The show began with two soloists from St Winifred’s School, namely Erin Toppin who sang Human, and Ella Poulter, whose father JJ Poulter, formerly of the group Kite, accompanied her on guitar for her performance of What Do I Know.
A five-member boy group from Queen’s College then took to the stage for a well-received acappella rendition of John King’s How Many More. A fitting song for these times when the issue of youth violence is a hot topic.
Hillaby Turners Hall Primary School performed a medley of old Barbadian folk songs including Millie Gone to Brazil and See my Little Brown Gal. The students of the rural primary school were a bit more settled by the time they got into their performance of Irving Burgie’s Day-O which was made famous by Harry Belafonte.
Kaerie Baptiste stayed well within her range as she gave a convincing performance of Whitney Houston’s I Look to You, while another student, Rajani played Rihanna’s Shine Bright Like a Diamond on the steel pan.
Coleridge and Parry’s substantive choir director, Marlon Legall, was under the weather, but one of his proteges, Stefan Ward, ably rose to the occasion leading the choir in renditions of Come See and Tell ‘Em.

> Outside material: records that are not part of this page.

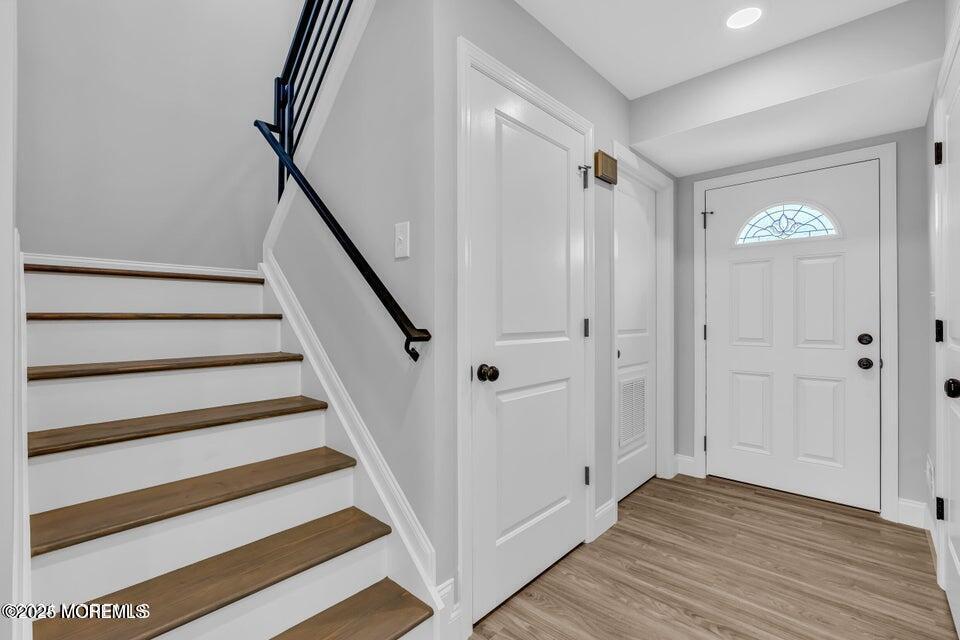 14 Wren Way in Howell, NJ - Building Photo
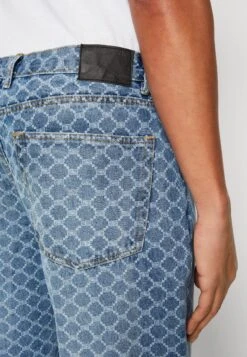 Redefined Rebel Tokyo Print - Relaxed Fit Jeans - Light Blue -Redefined Rebel e2f1c60d952941a1a2776bb7e4c10e15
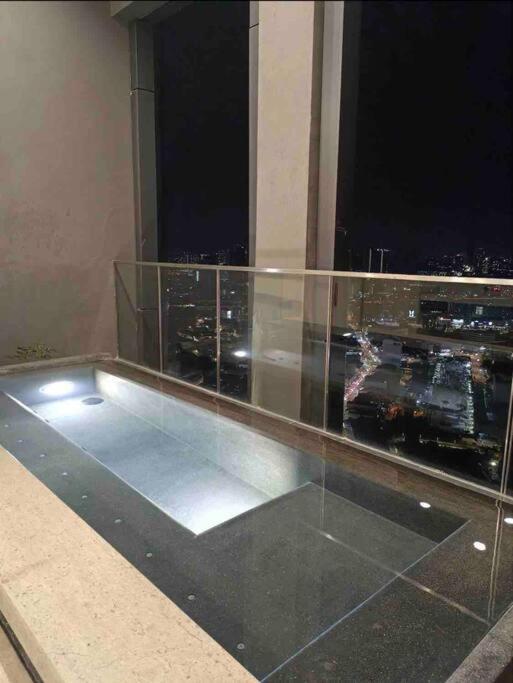 1+ 1 Bedroom 4-5Pax/Klcc/ Bukit Bintang/City View/Mrt Kuala Lumpur Exterior photo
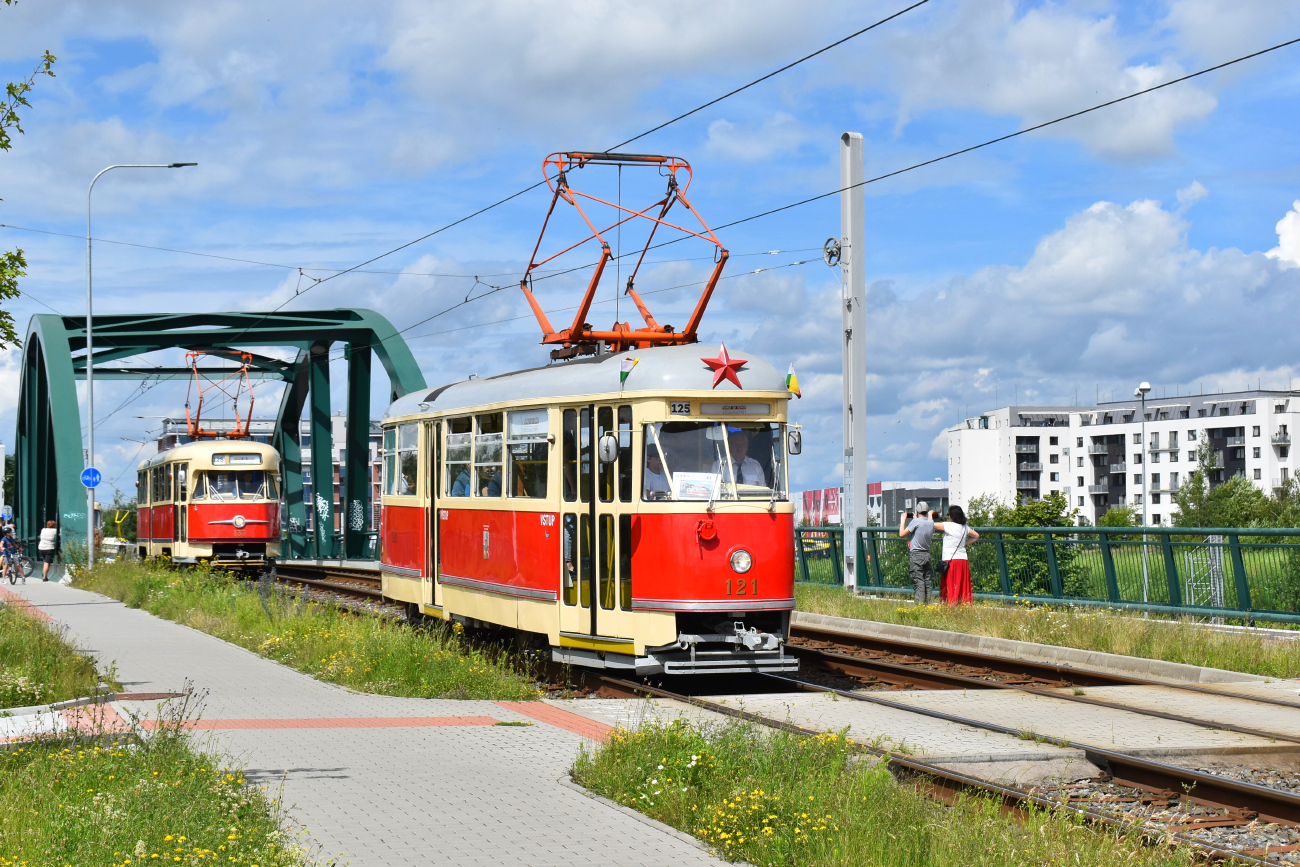 Пльзень, Tatra T1 № 121; Пльзень — Празднование 125-летия общественного транспорта в Пльзене Пльзень, Tatra T1 № 121; Пльзень — Празднование 125-летия общественного транспорта в Пльзене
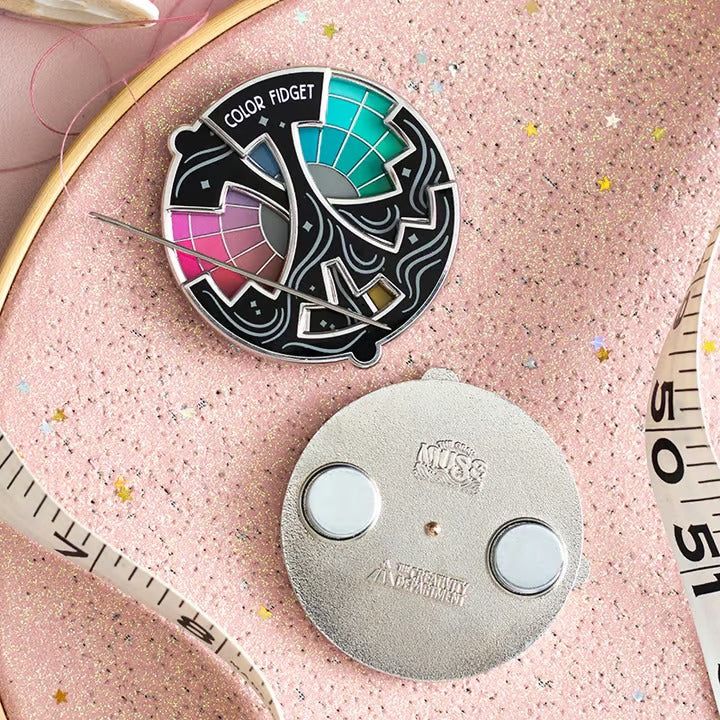 TwiddlePop – Fun Color Shift Enamel Pin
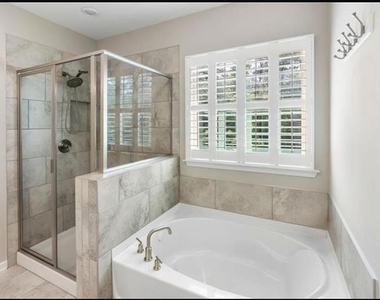4260 Essex Pond Way - Photo Thumbnail 10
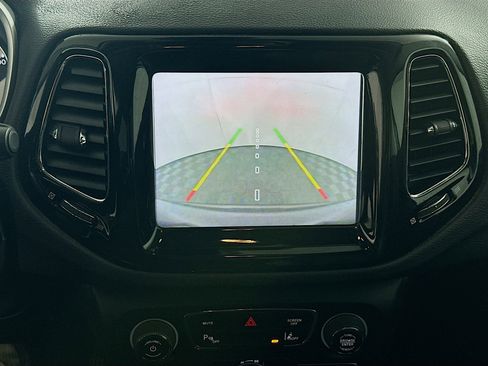 Used 2021 Jeep Compass Limited w/ Sun and Sound Group image 23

The school’s eight-member group called CP Unit also gave a good account of themselves, this was despite only working together for two-and-a half-weeks prior to the concert. They performed I Won’t Give It To Ya using the steel pan as their main supporting instrument.
Melodie Simmons came all the way from St John representing the Lodge School, and lived up to her name with her sweet performance of the semi-classical number A Thousand Years.
Harrison College also brought three soloists from Crumpton Street to Holetown, and they represented three different musical styles. The charismatic Raanan Hackett sang Jackie Opel’s You’re No Good, Cherice Richards was dynamic in her performance of gospel group Mary Mary’s hit Go Get It, while Jessica Kodilinye accompanied herself on guitar as she sang Stevie Wonder’s 1980 tribute to Bob Marley, Master Blaster popularly known as Jammin’.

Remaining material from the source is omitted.